== SUPPLIED MATERIAL ==
+ + + + +

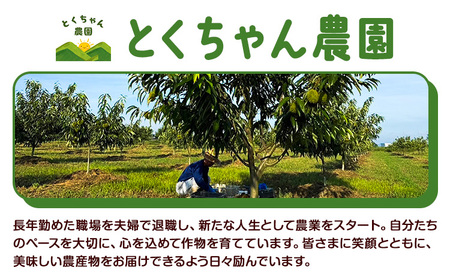 冷凍むき栗 200g とくちゃん農園 菊池市産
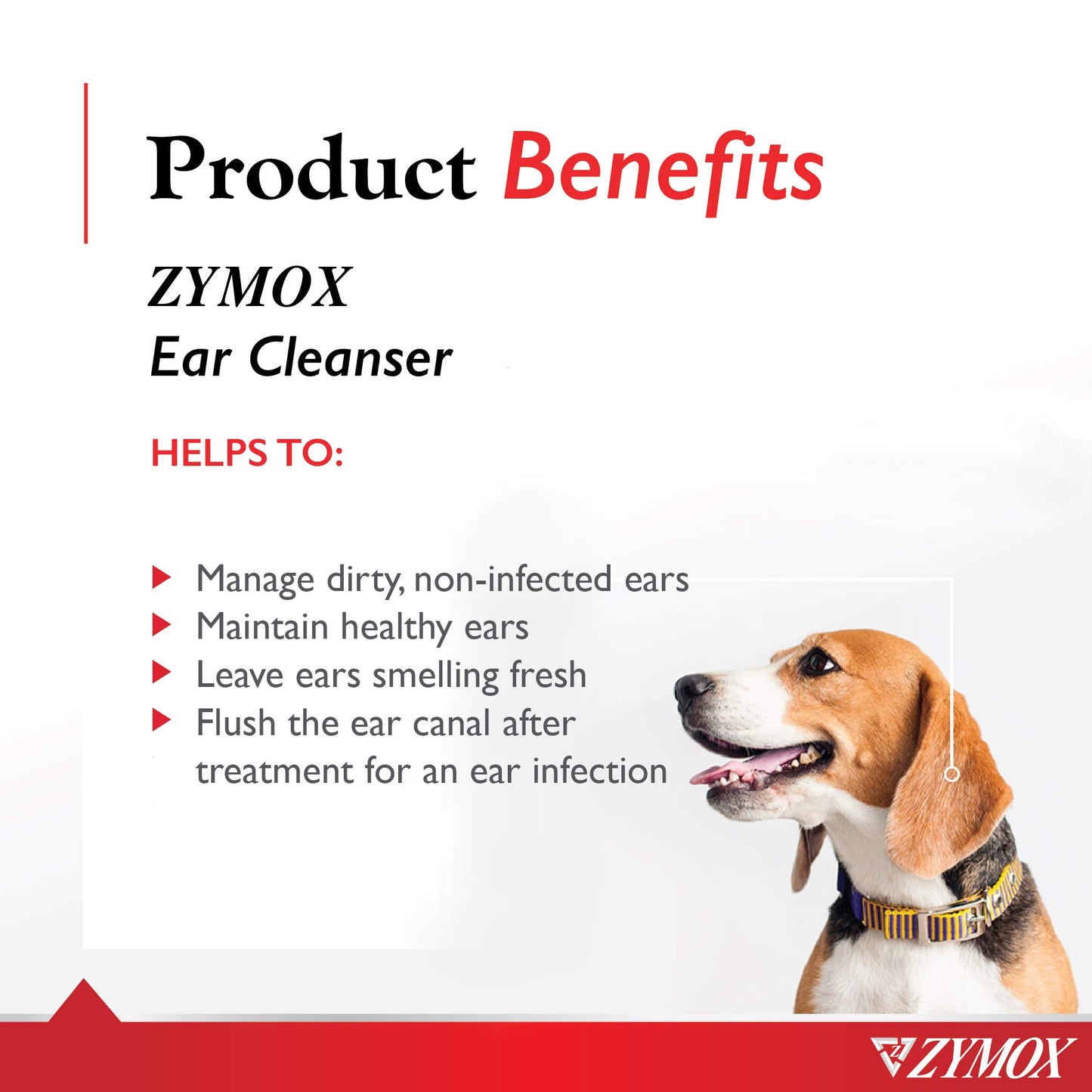 Pet Ear Cleanser Solution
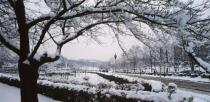 대학 풍경 - 겨울 2 의 사진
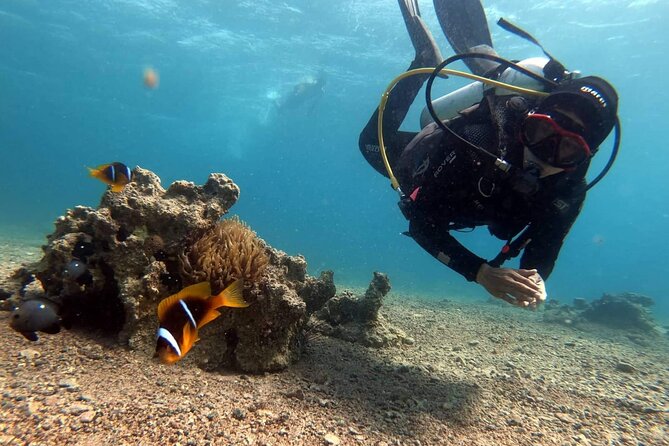 Private Scuba Diving Adventure in the Red Sea of Aqaba - The equipment, photos, and videos included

+ + + + +

== ABOUT THIS TASK ==
Only the lines from the one containing "Pet Ear Cleanser Solution" through the final line of the data should be given again, exactly and without pictures.

== SOLUTION TO THIS EXERCISE ==
 Pet Ear Cleanser Solution
 대학 풍경 - 겨울 2 의 사진
 Private Scuba Diving Adventure in the Red Sea of Aqaba - The equipment, photos, and videos included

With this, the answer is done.